_WORK TASK_
Skip the pictures and give back the rest of the listing exactly.

_GIVEN INFORMATION_
▶
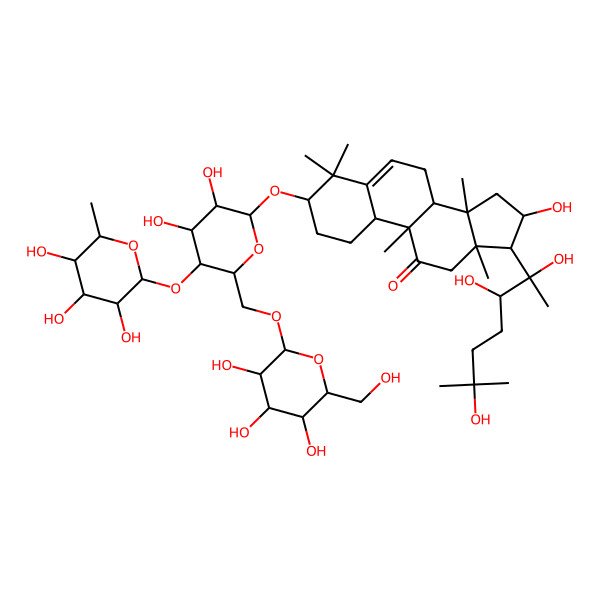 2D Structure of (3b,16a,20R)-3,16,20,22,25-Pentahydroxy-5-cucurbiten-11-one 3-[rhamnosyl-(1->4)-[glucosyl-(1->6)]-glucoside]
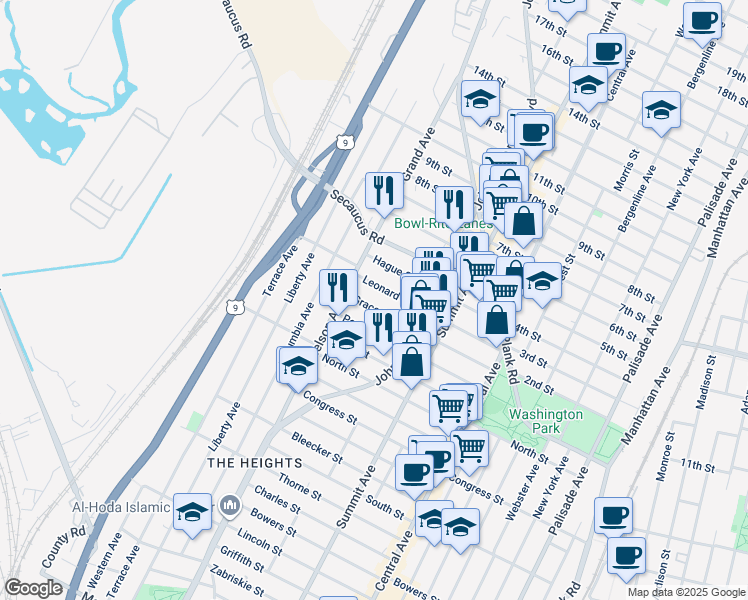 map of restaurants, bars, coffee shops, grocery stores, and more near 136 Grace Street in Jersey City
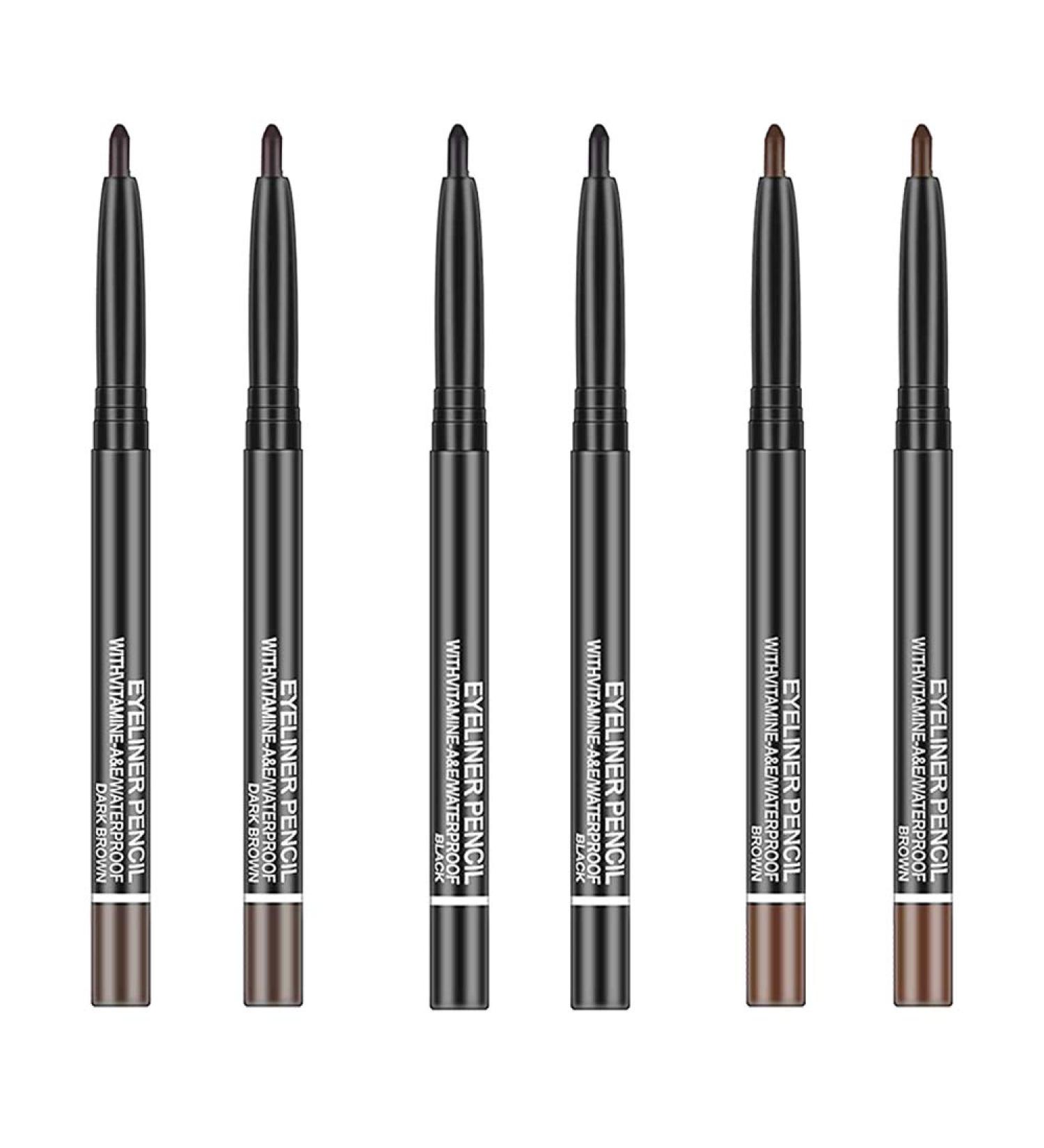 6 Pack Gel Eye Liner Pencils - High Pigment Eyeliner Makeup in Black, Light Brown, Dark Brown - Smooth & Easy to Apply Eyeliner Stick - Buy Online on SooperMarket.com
◀
_ANSWER FOR THIS EXERCISE_
 2D Structure of (3b,16a,20R)-3,16,20,22,25-Pentahydroxy-5-cucurbiten-11-one 3-[rhamnosyl-(1->4)-[glucosyl-(1->6)]-glucoside]
 map of restaurants, bars, coffee shops, grocery stores, and more near 136 Grace Street in Jersey City
 6 Pack Gel Eye Liner Pencils - High Pigment Eyeliner Makeup in Black, Light Brown, Dark Brown - Smooth & Easy to Apply Eyeliner Stick - Buy Online on SooperMarket.com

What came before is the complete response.